LIDAR systems are known to be utilized in a number of different arrangements including, but not limited to, “radar guns” as used by police to monitor traffic speeds, ground-based surveying, underwater scanning, airborne geo-mapping arrangements, aerosol monitoring, and the like. LIDAR systems may operate on the basis of various types of optical output signals, including continuous wave (CW) Doppler, pulsed Doppler, CW phase-shift keying (CW-PSK), pulsed PSK, and the like. In one exemplary arrangement, the LIDAR device emits a short pulse of infrared light that is directed in a narrow beam toward a selected target. The light pulse strikes the target and is typically reflected back towards the LIDAR device. This return energy is then captured by an optical receiving element and converted from light energy to an electrical signal. A high speed clock is used to determine the total trip time, which can then be used to calculate the range to the target.

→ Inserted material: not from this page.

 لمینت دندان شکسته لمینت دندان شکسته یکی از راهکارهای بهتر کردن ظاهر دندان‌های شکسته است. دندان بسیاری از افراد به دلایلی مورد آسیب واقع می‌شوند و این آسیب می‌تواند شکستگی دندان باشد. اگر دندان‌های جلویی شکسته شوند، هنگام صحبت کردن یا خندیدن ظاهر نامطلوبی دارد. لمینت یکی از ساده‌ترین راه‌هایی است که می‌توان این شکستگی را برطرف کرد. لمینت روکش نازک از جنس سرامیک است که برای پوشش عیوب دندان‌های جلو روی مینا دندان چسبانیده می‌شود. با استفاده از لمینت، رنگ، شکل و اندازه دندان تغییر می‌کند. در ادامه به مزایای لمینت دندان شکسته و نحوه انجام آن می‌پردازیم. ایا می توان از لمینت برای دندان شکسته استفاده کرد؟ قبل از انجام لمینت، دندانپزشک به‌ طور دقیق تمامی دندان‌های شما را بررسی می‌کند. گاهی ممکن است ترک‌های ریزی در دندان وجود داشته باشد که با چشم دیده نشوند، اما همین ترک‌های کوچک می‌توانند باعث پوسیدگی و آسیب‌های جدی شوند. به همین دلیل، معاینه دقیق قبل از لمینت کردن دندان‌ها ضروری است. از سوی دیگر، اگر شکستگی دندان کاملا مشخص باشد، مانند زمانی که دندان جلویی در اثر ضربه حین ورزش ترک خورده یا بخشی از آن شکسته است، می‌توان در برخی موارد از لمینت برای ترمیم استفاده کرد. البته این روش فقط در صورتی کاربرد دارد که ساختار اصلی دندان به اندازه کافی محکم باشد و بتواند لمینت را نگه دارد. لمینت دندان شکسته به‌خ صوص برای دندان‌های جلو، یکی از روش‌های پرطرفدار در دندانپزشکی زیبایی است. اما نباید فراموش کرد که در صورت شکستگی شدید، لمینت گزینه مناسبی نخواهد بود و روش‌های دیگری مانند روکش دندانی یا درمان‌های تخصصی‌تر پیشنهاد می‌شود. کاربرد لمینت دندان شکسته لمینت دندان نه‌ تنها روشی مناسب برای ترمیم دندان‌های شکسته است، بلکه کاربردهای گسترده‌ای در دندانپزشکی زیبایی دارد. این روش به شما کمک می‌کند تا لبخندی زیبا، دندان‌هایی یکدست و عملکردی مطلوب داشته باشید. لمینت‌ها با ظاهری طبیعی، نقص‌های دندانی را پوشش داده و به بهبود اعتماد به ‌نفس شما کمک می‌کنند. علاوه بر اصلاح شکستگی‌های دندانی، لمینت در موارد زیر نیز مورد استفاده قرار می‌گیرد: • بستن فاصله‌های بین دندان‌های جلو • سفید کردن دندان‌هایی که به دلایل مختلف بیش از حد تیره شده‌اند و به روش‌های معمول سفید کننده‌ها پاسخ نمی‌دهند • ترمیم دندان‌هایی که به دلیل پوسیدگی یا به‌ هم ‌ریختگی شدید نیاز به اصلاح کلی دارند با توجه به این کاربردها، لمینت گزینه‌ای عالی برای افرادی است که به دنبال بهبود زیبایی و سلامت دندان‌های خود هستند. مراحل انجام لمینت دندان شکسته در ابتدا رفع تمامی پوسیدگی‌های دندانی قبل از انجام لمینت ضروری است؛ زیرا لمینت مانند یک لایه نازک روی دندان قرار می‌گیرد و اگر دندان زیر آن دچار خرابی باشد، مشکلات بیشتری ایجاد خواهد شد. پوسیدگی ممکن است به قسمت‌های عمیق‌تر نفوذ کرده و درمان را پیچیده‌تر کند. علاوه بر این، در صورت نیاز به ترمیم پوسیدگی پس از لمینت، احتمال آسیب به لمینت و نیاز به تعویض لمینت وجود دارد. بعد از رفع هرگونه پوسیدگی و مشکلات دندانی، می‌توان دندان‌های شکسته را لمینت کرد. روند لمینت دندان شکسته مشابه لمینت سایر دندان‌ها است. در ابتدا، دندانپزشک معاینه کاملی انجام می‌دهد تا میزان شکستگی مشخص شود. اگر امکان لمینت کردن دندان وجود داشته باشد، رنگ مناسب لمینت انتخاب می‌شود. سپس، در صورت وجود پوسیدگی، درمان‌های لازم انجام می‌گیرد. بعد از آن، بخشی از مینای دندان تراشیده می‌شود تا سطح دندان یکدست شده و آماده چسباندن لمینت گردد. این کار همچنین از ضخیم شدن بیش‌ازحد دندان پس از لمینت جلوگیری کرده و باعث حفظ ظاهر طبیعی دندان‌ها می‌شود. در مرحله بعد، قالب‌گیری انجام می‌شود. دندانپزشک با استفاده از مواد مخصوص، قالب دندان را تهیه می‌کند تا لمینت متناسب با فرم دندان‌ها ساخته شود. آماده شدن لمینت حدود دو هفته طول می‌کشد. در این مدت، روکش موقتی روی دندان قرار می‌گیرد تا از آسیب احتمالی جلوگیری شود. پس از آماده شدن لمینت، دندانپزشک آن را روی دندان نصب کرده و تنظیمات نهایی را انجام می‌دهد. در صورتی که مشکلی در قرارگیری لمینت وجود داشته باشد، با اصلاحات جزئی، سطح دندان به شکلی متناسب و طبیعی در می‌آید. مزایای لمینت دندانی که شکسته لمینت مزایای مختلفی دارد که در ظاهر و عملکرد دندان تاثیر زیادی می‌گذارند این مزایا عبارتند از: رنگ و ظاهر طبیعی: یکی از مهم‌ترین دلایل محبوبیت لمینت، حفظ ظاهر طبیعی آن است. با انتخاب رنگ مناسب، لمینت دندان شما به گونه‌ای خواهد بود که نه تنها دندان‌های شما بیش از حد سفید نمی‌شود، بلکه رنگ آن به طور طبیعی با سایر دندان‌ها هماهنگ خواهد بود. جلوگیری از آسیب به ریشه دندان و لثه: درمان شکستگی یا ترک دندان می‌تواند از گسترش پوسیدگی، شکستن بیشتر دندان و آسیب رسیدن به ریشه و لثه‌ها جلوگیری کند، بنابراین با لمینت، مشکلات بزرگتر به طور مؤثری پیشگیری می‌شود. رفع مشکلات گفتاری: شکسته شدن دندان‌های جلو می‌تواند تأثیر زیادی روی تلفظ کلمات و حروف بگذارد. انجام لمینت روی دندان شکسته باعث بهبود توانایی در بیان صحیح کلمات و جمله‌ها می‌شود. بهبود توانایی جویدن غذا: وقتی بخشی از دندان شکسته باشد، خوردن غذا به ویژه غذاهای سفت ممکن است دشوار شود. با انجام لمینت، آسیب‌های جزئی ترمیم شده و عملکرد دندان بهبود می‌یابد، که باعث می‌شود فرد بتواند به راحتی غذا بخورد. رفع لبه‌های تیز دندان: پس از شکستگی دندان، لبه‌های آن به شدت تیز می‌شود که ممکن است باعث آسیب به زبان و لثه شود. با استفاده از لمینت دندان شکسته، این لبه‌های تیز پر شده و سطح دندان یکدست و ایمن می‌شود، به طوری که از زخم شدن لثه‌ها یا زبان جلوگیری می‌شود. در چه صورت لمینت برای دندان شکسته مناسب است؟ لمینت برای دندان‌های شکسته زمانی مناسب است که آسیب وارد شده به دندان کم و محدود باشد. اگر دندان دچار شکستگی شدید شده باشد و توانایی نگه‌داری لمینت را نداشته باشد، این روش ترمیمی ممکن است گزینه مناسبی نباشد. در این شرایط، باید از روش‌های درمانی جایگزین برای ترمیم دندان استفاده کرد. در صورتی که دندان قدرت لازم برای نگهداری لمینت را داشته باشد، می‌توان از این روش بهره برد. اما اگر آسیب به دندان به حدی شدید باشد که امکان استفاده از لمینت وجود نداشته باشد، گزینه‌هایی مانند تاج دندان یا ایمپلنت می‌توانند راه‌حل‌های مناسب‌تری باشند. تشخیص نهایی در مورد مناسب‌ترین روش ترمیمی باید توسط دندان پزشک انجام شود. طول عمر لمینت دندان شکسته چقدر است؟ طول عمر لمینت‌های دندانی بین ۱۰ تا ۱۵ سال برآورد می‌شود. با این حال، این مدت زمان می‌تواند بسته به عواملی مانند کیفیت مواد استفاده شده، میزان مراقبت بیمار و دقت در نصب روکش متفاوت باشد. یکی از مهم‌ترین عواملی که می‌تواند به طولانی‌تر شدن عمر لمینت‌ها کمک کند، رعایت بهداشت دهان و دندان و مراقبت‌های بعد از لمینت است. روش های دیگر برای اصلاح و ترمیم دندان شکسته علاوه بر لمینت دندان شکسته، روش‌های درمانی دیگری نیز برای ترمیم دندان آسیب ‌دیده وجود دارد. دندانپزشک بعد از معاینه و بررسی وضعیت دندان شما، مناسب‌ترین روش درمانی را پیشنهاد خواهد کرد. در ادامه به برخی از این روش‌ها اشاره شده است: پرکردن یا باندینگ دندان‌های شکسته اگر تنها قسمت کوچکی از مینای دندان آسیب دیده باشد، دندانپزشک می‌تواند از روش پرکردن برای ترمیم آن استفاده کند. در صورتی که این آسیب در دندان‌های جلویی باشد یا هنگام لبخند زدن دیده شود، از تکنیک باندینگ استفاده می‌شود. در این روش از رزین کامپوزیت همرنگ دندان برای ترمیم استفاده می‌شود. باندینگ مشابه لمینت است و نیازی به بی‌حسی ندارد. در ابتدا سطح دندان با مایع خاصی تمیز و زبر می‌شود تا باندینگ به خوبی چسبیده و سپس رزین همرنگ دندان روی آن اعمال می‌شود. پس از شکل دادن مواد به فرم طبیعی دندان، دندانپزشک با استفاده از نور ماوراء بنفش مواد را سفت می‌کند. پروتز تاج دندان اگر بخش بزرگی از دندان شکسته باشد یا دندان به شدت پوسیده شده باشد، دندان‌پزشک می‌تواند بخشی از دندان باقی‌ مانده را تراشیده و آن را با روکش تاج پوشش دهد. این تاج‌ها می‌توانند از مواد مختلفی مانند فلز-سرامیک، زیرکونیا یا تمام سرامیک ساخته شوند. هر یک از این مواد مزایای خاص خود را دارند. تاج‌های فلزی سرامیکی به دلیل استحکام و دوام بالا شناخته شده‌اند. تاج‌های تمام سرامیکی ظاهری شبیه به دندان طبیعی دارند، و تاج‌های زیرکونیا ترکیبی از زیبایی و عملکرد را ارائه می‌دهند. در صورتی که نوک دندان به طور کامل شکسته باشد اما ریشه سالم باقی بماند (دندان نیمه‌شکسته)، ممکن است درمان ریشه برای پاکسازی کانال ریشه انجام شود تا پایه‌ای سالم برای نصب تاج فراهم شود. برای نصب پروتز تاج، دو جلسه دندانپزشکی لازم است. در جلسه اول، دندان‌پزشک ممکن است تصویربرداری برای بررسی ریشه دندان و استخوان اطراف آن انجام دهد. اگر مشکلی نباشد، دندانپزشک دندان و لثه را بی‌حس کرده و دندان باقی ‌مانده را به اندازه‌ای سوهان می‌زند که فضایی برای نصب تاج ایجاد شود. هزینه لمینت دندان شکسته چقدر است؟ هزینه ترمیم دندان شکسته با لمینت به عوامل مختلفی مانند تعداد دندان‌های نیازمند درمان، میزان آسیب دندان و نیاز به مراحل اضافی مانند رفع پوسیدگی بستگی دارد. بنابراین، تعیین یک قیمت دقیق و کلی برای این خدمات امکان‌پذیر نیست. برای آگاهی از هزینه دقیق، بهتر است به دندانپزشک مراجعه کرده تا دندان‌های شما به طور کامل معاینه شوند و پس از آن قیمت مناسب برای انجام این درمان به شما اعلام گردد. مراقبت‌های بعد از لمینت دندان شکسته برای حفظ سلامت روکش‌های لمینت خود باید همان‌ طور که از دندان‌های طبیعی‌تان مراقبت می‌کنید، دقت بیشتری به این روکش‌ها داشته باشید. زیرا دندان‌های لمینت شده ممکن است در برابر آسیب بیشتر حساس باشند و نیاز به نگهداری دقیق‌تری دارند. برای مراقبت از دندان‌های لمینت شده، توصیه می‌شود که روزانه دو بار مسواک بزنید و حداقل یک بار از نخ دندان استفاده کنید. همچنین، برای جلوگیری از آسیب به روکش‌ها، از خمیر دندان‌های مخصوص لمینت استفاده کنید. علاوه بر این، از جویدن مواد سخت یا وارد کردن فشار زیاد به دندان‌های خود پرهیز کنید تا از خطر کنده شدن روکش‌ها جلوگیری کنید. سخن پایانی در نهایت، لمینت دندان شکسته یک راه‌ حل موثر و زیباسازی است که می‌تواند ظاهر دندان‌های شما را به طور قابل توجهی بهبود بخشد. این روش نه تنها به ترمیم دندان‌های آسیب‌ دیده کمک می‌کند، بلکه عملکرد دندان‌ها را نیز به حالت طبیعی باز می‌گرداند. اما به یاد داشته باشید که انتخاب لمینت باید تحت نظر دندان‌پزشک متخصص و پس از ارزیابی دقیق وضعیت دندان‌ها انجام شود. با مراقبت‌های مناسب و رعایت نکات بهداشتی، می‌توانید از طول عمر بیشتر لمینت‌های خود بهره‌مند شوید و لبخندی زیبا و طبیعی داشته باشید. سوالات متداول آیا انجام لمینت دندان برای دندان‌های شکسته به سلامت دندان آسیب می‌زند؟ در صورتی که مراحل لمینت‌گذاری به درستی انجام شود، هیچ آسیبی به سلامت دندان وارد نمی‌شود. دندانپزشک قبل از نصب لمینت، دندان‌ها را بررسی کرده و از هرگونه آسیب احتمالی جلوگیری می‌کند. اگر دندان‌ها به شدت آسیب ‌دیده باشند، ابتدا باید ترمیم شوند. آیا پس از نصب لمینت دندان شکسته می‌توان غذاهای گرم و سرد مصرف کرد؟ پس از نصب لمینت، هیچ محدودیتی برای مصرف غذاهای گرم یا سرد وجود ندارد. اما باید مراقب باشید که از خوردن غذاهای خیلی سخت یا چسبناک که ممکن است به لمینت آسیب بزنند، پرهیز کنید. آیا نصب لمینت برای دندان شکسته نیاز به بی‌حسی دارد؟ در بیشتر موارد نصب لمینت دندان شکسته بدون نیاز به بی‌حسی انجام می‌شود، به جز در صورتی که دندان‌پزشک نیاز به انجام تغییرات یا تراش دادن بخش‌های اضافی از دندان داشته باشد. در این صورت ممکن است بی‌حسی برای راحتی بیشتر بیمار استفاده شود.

For speed calculations, multiple ranges are taken and the change in range over a short period of time is determined. Typically, police LIDAR speed guns and survey range finders use stripe array laser diode emitters to emit the pulse of infrared energy required to measure the distance to targets at significant ranges. The maximum range that a system can achieve is proportional to the amount of energy emitted per pulse by the laser. The amount of energy that is emitted from these lasers is typically limited by the laser safety regulations of the country where the LIDAR units are sold, impacting the maximum range over which these devices may be used.
LIDAR units are also starting to be used in automotive applications for driver assistance situations. Typically, these units have a range and field of view to detect objects, such as other automobiles, at an appropriate distance to take any necessary action, such as warning the driver or changing the speed of the automobile. In order to obtain the required field of view, prior art systems use two methods. One prior art LIDAR system consists of a phased array, which consists of several optical transmitting elements whose relative phase is adjusted to create a radiation pattern of constructive and destructive optical waves, forming a beam that can be electronically steered, by adjusting the phases of the individual optical transmitting elements. This phased array system is generally too expensive for use in the automotive environment.
In another arrangement, aerosol LIDAR systems may be used to detect aerosol clouds that may include biological weapon agents. In this case, multiple laser sources are used, operating at different wavelengths, to generate a large set of optical scattering data that is used to develop a “signature” of the aerosol and ascertain its chemical content. However, present technologies, owing to the complexity and laser power levels required for aerosol LIDAR, are limited in range and not well-suited for an in-the-field, portable detection system.
In these and other environments, therefore, a need remains for a LIDAR system that is relatively compact and portable, yet sufficiently precise for more complex applications.